● **Problem requirements**: From the line with "У Тернополі на" to the line with "Casa em Albatroz: 1ª", retype every line exactly, including those two, and leave out the rest of the data below.

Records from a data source
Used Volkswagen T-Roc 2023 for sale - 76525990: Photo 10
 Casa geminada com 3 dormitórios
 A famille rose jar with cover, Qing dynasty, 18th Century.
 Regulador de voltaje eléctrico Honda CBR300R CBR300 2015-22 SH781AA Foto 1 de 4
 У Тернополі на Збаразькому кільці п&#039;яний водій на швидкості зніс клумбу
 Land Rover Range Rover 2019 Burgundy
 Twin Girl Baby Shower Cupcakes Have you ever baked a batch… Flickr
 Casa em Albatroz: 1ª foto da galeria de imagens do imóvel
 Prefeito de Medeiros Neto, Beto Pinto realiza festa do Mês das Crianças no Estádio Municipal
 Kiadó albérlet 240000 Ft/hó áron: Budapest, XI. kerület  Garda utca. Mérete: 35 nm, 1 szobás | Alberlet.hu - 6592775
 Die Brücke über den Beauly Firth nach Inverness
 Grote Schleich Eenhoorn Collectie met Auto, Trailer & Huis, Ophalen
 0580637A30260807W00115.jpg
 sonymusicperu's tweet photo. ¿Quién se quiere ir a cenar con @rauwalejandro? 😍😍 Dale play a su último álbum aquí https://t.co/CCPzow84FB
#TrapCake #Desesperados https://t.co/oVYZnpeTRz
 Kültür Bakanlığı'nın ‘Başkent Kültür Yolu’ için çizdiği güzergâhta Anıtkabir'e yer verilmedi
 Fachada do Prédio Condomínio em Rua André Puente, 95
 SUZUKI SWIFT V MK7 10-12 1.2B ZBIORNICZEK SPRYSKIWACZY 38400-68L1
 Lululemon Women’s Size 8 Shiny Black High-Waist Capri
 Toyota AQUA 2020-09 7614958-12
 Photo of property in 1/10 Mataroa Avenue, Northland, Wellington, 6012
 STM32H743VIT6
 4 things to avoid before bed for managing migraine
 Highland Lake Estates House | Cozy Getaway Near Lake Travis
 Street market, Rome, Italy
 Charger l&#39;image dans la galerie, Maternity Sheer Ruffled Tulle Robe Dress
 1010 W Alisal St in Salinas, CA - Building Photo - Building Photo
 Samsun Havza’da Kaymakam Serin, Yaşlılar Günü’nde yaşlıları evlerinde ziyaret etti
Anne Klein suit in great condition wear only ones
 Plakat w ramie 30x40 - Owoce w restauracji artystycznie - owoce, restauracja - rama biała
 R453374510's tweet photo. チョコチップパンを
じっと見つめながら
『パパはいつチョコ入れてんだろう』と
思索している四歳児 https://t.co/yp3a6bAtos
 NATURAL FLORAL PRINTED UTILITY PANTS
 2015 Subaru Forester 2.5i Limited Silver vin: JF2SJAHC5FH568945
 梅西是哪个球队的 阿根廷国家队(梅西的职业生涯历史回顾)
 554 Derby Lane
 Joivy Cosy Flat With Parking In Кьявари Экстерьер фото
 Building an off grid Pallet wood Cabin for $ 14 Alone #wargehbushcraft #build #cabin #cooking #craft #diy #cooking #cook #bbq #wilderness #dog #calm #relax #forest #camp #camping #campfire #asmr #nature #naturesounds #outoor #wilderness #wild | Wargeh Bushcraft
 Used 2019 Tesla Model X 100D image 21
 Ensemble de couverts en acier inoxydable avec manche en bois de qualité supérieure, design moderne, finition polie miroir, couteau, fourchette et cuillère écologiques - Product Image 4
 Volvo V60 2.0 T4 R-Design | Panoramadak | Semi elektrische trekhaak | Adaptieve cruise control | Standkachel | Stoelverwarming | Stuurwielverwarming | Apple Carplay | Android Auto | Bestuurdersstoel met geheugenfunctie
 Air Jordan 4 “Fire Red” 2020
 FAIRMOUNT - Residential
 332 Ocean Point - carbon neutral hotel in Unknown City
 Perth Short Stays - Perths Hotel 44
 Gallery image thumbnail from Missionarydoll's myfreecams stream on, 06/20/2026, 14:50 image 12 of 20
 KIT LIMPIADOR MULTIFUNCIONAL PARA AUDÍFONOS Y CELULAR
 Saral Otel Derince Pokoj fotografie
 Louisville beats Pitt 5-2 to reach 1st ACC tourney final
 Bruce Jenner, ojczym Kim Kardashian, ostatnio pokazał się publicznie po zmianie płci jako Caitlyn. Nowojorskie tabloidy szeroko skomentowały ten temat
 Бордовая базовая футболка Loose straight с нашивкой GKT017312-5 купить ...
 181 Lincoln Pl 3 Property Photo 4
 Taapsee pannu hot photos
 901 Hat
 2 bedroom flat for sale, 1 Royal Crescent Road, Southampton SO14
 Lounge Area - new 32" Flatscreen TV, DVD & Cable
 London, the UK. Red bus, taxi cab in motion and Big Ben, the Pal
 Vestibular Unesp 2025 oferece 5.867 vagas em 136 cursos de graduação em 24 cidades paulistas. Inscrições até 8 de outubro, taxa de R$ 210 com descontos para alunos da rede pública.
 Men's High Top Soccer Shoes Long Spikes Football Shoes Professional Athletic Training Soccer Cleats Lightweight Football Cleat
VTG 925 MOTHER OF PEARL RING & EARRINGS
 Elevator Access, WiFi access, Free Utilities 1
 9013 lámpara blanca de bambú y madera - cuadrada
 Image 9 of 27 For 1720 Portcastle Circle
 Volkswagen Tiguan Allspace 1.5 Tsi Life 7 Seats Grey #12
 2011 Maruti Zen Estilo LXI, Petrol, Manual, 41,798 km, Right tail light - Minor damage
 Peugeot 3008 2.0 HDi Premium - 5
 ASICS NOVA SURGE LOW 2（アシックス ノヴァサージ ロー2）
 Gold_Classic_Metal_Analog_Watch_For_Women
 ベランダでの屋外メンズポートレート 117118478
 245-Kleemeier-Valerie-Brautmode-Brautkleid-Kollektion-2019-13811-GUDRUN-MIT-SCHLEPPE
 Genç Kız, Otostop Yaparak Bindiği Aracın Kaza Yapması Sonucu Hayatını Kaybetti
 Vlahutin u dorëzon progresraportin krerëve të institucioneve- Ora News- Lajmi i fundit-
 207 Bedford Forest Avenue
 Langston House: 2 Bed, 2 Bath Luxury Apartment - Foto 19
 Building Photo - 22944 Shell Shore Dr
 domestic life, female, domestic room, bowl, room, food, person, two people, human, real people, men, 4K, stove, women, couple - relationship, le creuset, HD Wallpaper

● **Response to this task**:
 У Тернополі на Збаразькому кільці п&#039;яний водій на швидкості зніс клумбу
 Land Rover Range Rover 2019 Burgundy
 Twin Girl Baby Shower Cupcakes Have you ever baked a batch… Flickr
 Casa em Albatroz: 1ª foto da galeria de imagens do imóvel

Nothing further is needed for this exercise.